On April 5, Charlie Winter, Senior Research Fellow at the International Center for Study of Radicalization, gave a lecture on the Islamic State’s doctrine for information warfare. Winter’s research mainly focuses on the propaganda of Islamic States, especially online communication and technology.
Winter began his lecture by giving his audience a bigger picture of the situation. According to Winter, although much of his lecture was going to be about social media, ISIS’ propaganda does not just happen online. In fact, their propaganda offline is potentially more important. Winter made clear that in his lecture, he would discuss the propaganda’s infrastructure, medium and message. His sources include ISIS’ official propaganda, unofficial propaganda, published documents, leaked legislation and interviews.
Winter first talked about the infrastructure of ISIS’ propaganda. According to him, there are three basic features of its operation: it is choreographed, centralized and unspontaneous. ISIS has its central media office and auxiliary offices for the dissemination of information. The content of propaganda, carefully choreographed, includes indoctrination, military training and media access.
ISIS uses as many media outlets as possible. Besides the Internet, they utilize radio, TV, posters, videos, newspapers, magazines, sermons and murals. They also create public spectacles, which resemble trials, and they try to attract as many people to these spectacles as possible.
By organizing these spectacles, they want to scare people into acquiescence, and through their presentation of themselves on these trials, they aim to come across as a massive organization. What is the message of the propaganda, anyway? Winter provided three perspectives when answering this question.

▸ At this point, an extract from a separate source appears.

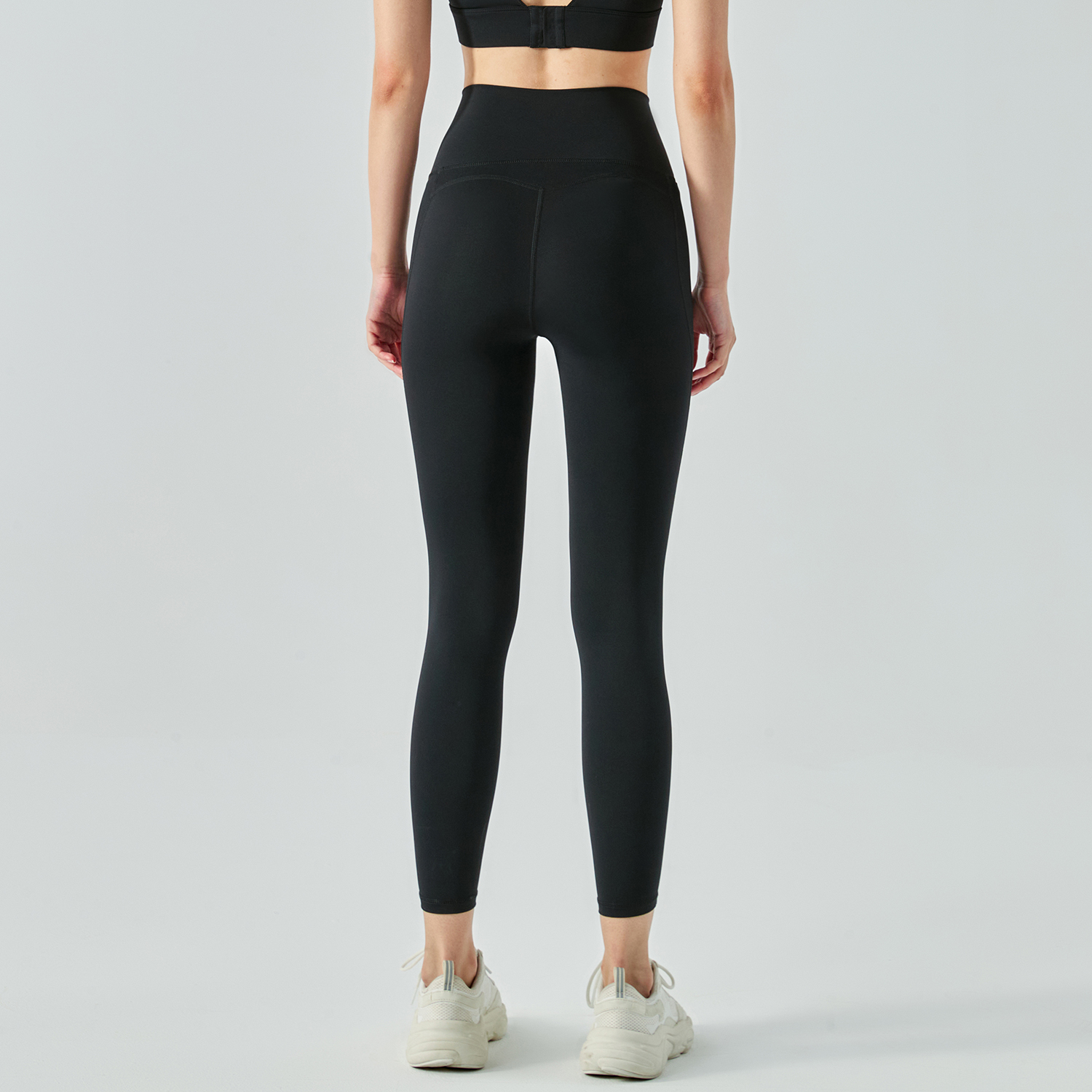 Buy women's high rise breathable moisture wicking spandex eco friendly workout yoga pants sports leggings of high quality on Hergymclothing Black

First, in their propaganda, ISIS creates an alternative narrative. They paint a bright picture of the jihad, creating an almost utopian world. They make a comprehensive, alternative offer of existence. This kind of propaganda is not a response, but a statement. They create their own Islamic State Utopia.

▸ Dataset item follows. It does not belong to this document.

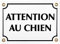 Sosenco Plaque emaillée Attention au Chien 12x17 cm - Pancarte Attention au Chien - Plaque Alarme - Propriété Privée - Panneau Signalétique Chien - Blanc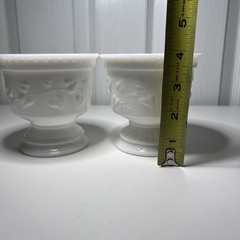 2-Vtg Milk Glass Indiana Glass Colony Harvest Grape Footed Goblets Dessert Cups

Second, ISIS often creates their propaganda through the frame of counter-propaganda. They deem everything non-ISIS as propaganda, and theirs as a fierce response to the frenzied media campaign of the enemy.

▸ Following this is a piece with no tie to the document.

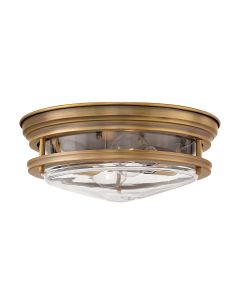 Hadrian 2 Light Flush - Clear Glass - Brushed Bronze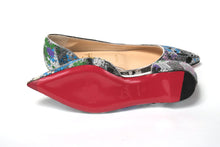 Load image into Gallery viewer, Christian Louboutin Multicolor Silver Flat Point Toe Shoe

Third, ISIS often uses “media projectiles” in their propaganda. One example of this media projectile involves a video where a man is beheaded. This video was released by ISIS, and it was soon shown in its entirety on ABC News and Fox News. This kind of transmission was exactly what ISIS wanted.
The spread of these gory scenes increased the fear as much as possible, creating catastrophes.
“Narrative is everything,” Winter said. “The clickbait is weaponized by ISIS. ISIS uses propaganda to dictate its story in its own words to a mass audience. It is not just about recruiting people, but also about scaring people. The purpose of their propaganda, initially mainly recruitment, has now mainly become the creation of fear.”